Monday, September 16, 2019


Our daughters don't know -- what it was like growing up female in the 50s and 60s, and just how limited our options were. They think they do, but not really. To tell you the truth, I didn't fully understand myself, until I read this book, just how much things changed between the years when each of my sisters and I graduated from high school, in '64, '67 and '71.

I didn't get why the oldest felt her options were so much more limited than mine ..why all she wanted was to get married and have babies...why my middle sister switched her major from accounting to teaching, because that would be easier when she had kids...why I told my mom midway through college, after taking an abnormal psych class, that I didn't think I even wanted to have any kids, and aimed instead for a glamorous career as a buyer for Neiman Marcus, and to travel the world. Oddly enough, much like the two sisters in this book, we somehow switched paths along the way. They both ended up with the glamorous careers, while I opted to be the stay-at-home mom! But, at least it was by choice.

Our daughters though, they really have no clue why we fought so hard just to have the right to choose, and for equal rights and equal pay, and to have control over our own bodies. They never had the humiliation of walking into a store to purchase a washing machine, only to have the condescending old salesman suggest that I should come back later and bring my husband, to help me make such an important decision.

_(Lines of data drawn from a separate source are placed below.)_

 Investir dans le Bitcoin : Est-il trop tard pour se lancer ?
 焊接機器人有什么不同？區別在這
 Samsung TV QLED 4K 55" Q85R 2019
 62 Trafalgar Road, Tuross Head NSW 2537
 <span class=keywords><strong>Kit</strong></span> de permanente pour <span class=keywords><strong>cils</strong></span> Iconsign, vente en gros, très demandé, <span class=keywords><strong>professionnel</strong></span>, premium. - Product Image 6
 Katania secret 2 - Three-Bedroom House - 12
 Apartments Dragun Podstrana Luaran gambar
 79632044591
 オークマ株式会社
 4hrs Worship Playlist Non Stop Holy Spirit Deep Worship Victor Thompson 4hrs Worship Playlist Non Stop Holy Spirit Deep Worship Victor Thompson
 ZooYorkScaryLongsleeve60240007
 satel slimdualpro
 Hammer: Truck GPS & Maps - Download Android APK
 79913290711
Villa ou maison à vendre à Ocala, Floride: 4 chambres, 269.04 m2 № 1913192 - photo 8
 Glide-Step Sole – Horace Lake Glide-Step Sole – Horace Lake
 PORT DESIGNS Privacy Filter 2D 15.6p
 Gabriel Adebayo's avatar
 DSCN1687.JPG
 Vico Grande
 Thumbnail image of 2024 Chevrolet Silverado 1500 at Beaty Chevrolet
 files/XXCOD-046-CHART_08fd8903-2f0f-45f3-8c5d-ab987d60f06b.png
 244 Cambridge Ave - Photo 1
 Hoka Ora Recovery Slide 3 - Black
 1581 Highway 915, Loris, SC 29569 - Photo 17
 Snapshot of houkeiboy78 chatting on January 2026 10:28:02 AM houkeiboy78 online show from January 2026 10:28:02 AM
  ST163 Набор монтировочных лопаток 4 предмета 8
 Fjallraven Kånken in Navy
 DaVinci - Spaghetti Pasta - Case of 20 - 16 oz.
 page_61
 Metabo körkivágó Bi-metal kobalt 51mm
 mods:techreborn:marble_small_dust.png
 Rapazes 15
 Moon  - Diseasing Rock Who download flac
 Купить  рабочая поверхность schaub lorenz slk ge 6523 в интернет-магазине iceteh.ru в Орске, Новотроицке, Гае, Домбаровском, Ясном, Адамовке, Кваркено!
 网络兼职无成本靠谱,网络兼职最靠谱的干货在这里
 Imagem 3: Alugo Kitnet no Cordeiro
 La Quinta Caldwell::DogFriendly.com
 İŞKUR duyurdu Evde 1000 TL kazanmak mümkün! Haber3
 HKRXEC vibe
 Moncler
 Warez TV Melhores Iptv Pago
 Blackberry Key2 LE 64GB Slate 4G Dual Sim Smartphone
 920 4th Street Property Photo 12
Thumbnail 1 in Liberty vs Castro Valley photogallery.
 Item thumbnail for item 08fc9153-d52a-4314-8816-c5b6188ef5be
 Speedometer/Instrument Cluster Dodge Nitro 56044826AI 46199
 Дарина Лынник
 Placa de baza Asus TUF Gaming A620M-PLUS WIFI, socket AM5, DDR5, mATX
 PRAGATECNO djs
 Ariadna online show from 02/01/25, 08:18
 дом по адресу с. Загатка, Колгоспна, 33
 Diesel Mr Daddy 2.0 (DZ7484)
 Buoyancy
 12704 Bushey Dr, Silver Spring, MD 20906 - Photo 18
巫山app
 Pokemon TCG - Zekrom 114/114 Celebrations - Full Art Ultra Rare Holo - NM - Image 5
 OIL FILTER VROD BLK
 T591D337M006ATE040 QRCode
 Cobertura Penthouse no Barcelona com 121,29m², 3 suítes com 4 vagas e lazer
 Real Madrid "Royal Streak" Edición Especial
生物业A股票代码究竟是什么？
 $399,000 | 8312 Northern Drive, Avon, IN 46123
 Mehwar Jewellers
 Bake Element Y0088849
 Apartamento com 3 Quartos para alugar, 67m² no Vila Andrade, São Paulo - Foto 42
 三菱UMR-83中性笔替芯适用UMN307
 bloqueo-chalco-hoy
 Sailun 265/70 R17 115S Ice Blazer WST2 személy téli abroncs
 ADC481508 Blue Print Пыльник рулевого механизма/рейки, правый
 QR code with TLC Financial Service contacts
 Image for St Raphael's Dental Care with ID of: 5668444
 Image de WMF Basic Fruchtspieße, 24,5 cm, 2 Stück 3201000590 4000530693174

My reply? "Why? It's not like he ever uses one of these things!" Lest you think poorly of him, he does do all his own laundry now, but that was a different day and age.

I used to think we had made great progress and that much had changed. Now, I'm not so sure. Which is why I'm hoping my daughter will read this book, then share it with all her friends -- so they can see for themselves just how far we have come, and just how much they stand to lose, if they don't actively participate in the decision-making process!